[Collected data]
*** Block opens ***

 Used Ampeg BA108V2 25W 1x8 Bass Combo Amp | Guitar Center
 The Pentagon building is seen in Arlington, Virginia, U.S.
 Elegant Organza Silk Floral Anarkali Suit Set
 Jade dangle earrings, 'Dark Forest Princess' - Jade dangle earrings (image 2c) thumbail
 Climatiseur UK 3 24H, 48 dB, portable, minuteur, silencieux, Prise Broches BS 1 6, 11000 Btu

*** Block closes ***
*** Block opens ***

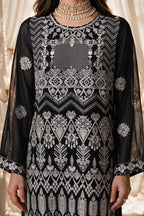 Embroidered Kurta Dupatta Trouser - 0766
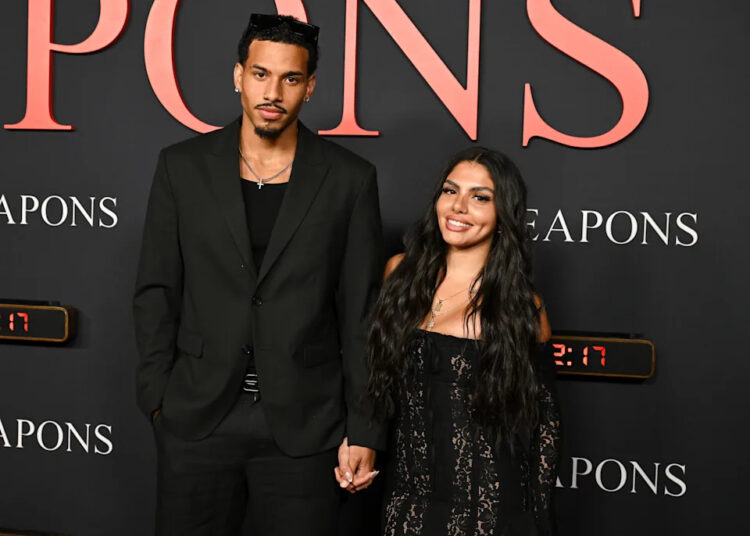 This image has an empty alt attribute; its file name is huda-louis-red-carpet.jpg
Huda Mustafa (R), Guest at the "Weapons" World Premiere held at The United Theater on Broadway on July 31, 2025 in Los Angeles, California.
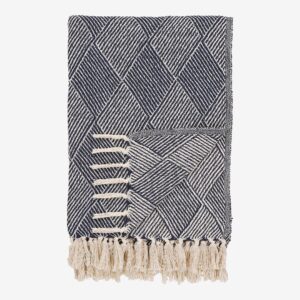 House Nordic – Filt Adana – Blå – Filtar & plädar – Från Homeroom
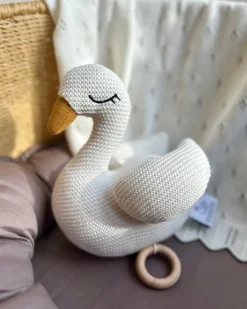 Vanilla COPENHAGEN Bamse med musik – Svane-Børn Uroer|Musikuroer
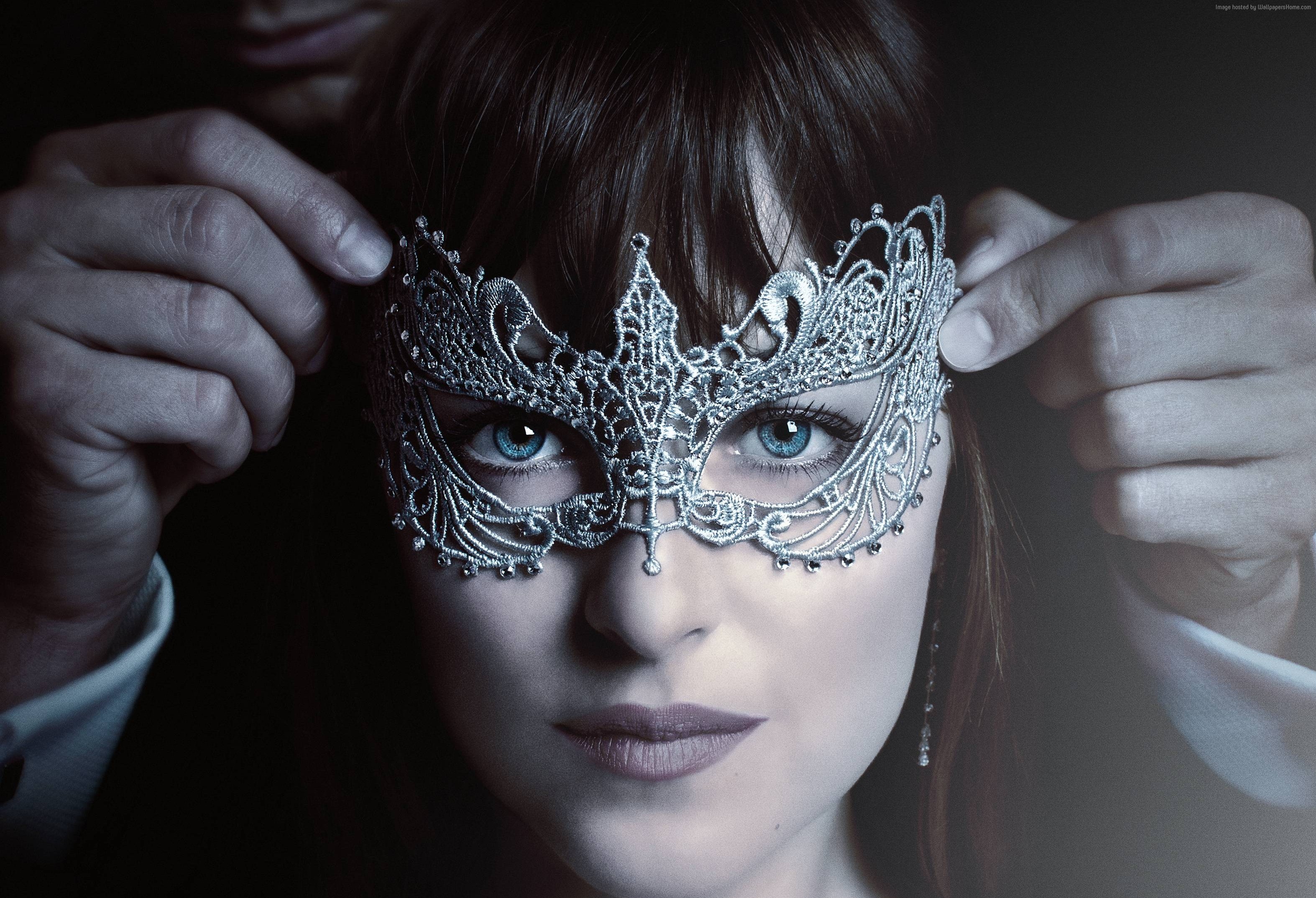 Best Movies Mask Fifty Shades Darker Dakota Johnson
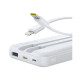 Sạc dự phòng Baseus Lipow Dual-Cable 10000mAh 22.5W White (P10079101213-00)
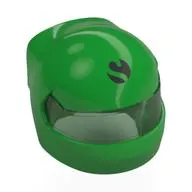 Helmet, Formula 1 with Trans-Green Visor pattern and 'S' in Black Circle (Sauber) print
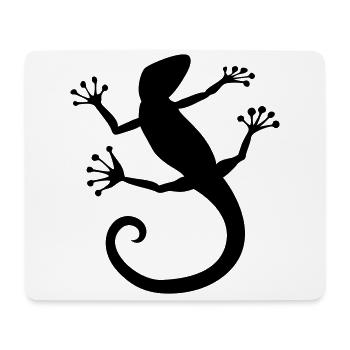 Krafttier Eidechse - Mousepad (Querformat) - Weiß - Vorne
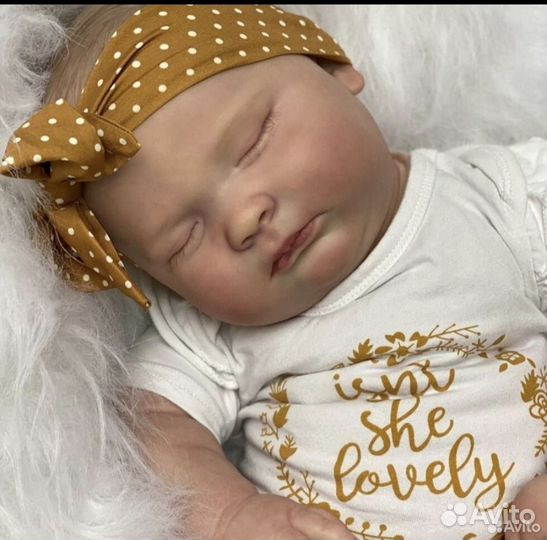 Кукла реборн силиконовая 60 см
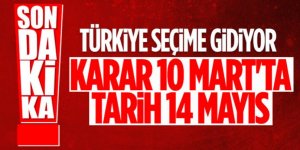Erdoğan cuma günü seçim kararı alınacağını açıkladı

*** Block closes ***

◆ **REQUIRED WORK**:
What is wanted is an exact copy of the lines above from the one containing "Best Movies Mask" through the one containing "Erdoğan cuma günü", with no pictures in it.

◆ **SOLUTION FOR THIS EXERCISE**:
 Best Movies Mask Fifty Shades Darker Dakota Johnson
 Sạc dự phòng Baseus Lipow Dual-Cable 10000mAh 22.5W White (P10079101213-00)
 Helmet, Formula 1 with Trans-Green Visor pattern and 'S' in Black Circle (Sauber) print
 Krafttier Eidechse - Mousepad (Querformat) - Weiß - Vorne
 Кукла реборн силиконовая 60 см
Erdoğan cuma günü seçim kararı alınacağını açıkladı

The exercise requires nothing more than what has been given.